Instructions for the task: Stop after the line with "It's a 2016". Up to that point, output every line of the listing below exactly from the first one onward, skipping pictures.

Task inputs:
»»

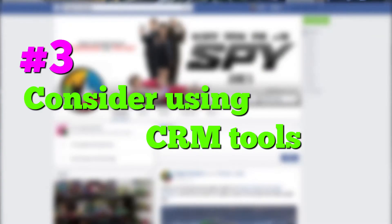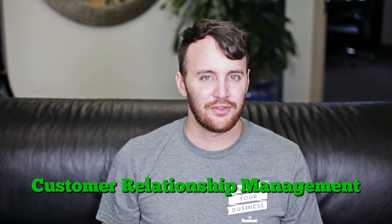Step number three: consider using CRM tools for your business. What is CRM? It's customer relationship management. There are a couple of different options here. If you have the money, use Salesforce — it gets a little pricey but it's definitely the best bang for your buck. If you're looking for a free solution, you can always try Streak, which integrates directly with your Gmail account to help you manage your email list. It's really cool, go check it out.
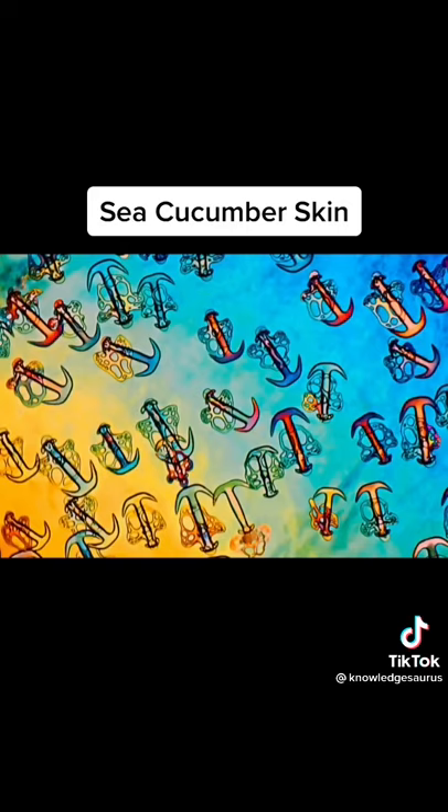Number two is the skin of a sea cucumber. You see a lot of anchors and hooks, and it's really funny that this is actually real since it lives in the ocean. Number three is alcohol.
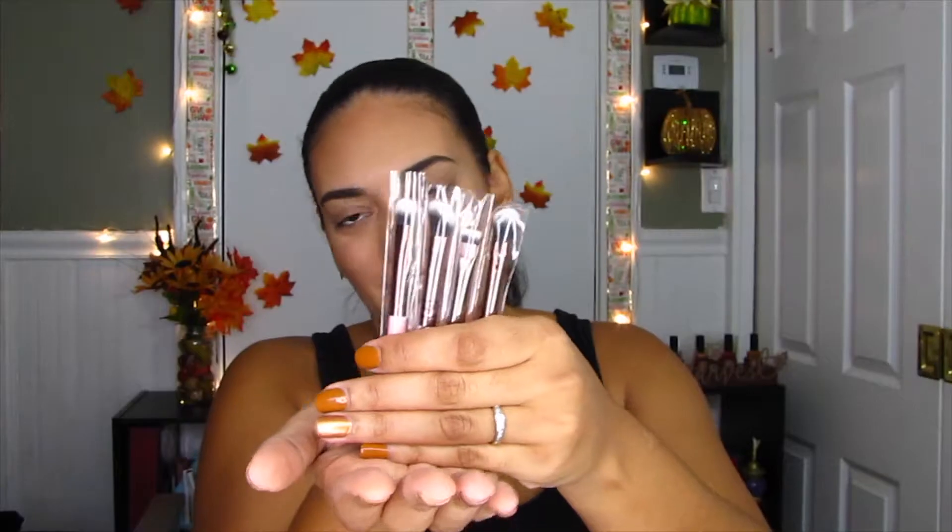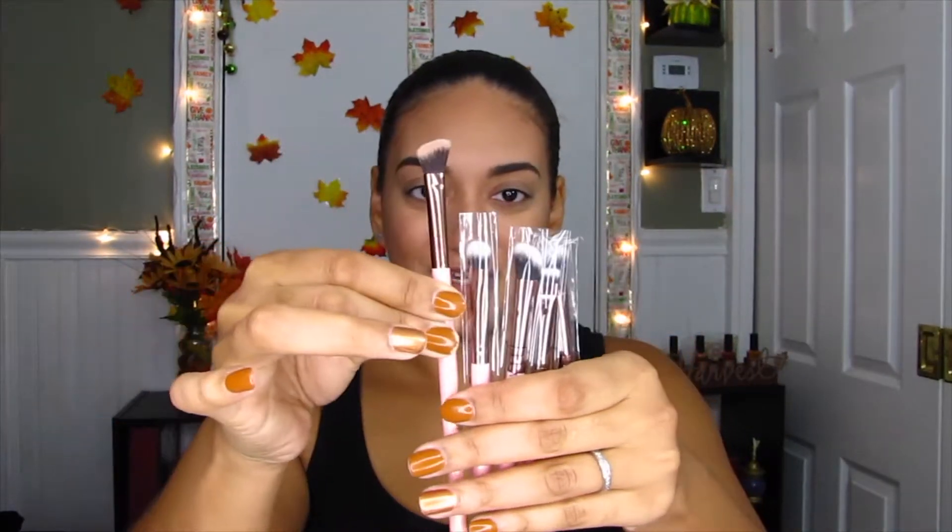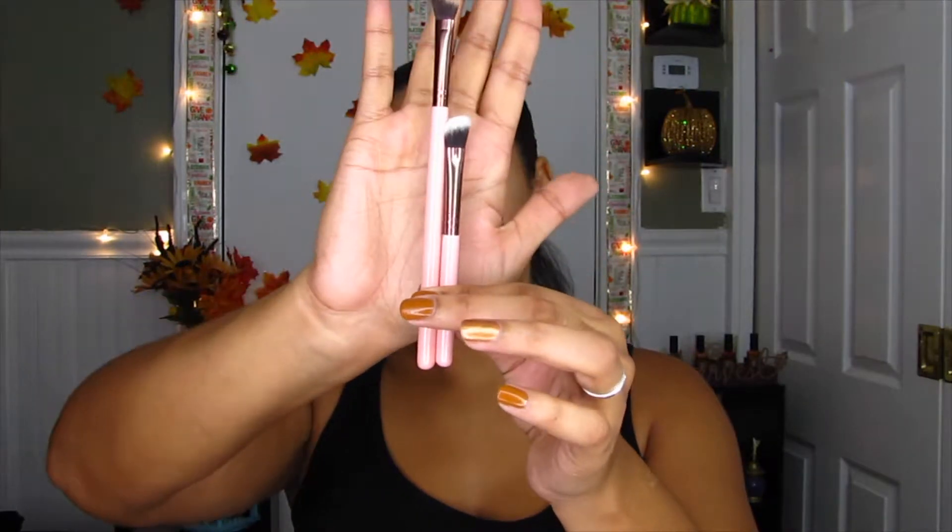Next up is from Luxie Beauty. It is the quad eye travel set, and I believe this is a collaboration with BoxyCharm. I'm not sure if they have this exact set on the site — if they do, I'll have the link for you down below in the description box. They're so little — not mini, but not the average size. This is the difference in size. The brushes are the 213T, 221, and the 227T. This quad eye travel set retails for $32.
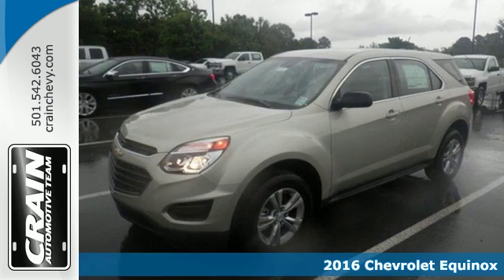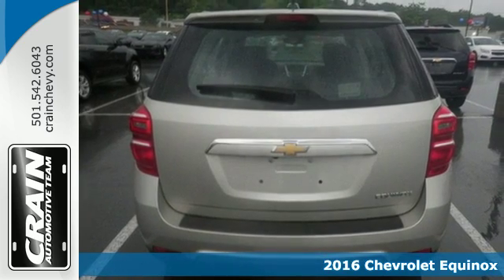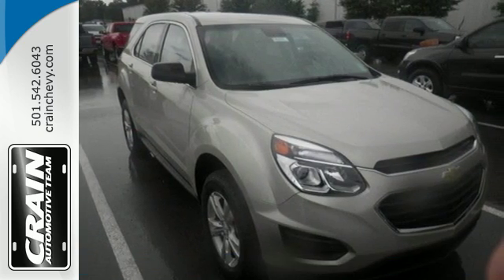It's a 2016 Chevrolet Equinox. Chevrolet tweaked this popular crossover, giving the Equinox a bigger grille with chrome accents flowing into the stylish and more pronounced headlights.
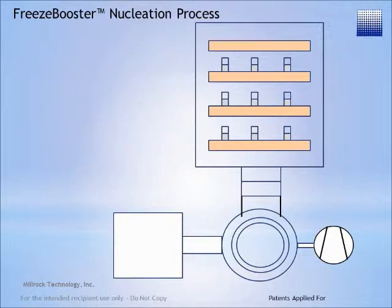The following demonstrates Freeze Booster technology. The product to be freeze dried is placed on the shelves where the shelves are cooled, supercooling the product to approximately minus 5 degrees C. At this point, no crystallization has occurred.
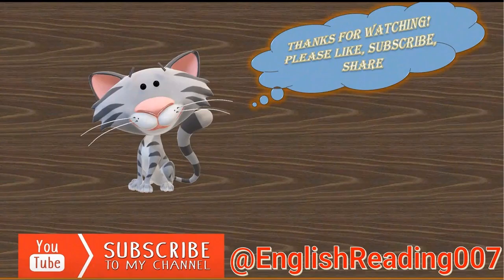Thanks for watching, please like and share this video. Also hit the subscribe button and ring the notification bell.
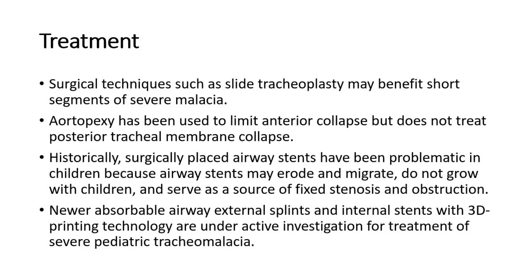Newer absorbable airway external splints and internal stents with 3D printing technology are under active investigation for treatment of severe pediatric tracheomalacia. That's all for this video. Thank you.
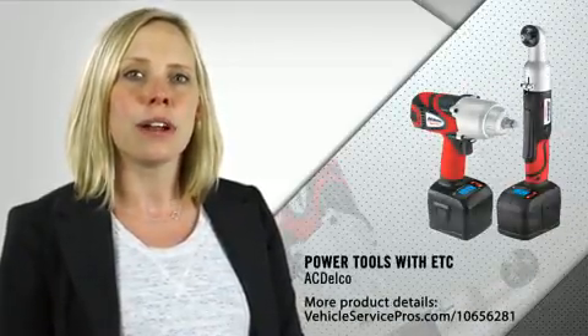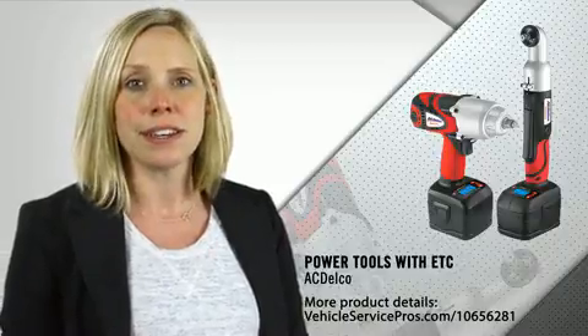Nicholas will discuss new and upcoming trends in the power tools market, including enhancements to lithium-ion batteries and ACDelco's exclusive electronic torque control, or ETC. One of the nice things about lithium-ion is that it allows us to do things with tools we couldn't do previously.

««

Exercise result:
Step number three: consider using CRM tools for your business. What is CRM? It's customer relationship management. There are a couple of different options here. If you have the money, use Salesforce — it gets a little pricey but it's definitely the best bang for your buck. If you're looking for a free solution, you can always try Streak, which integrates directly with your Gmail account to help you manage your email list. It's really cool, go check it out.
Number two is the skin of a sea cucumber. You see a lot of anchors and hooks, and it's really funny that this is actually real since it lives in the ocean. Number three is alcohol.
Next up is from Luxie Beauty. It is the quad eye travel set, and I believe this is a collaboration with BoxyCharm. I'm not sure if they have this exact set on the site — if they do, I'll have the link for you down below in the description box. They're so little — not mini, but not the average size. This is the difference in size. The brushes are the 213T, 221, and the 227T. This quad eye travel set retails for $32.
It's a 2016 Chevrolet Equinox. Chevrolet tweaked this popular crossover, giving the Equinox a bigger grille with chrome accents flowing into the stylish and more pronounced headlights.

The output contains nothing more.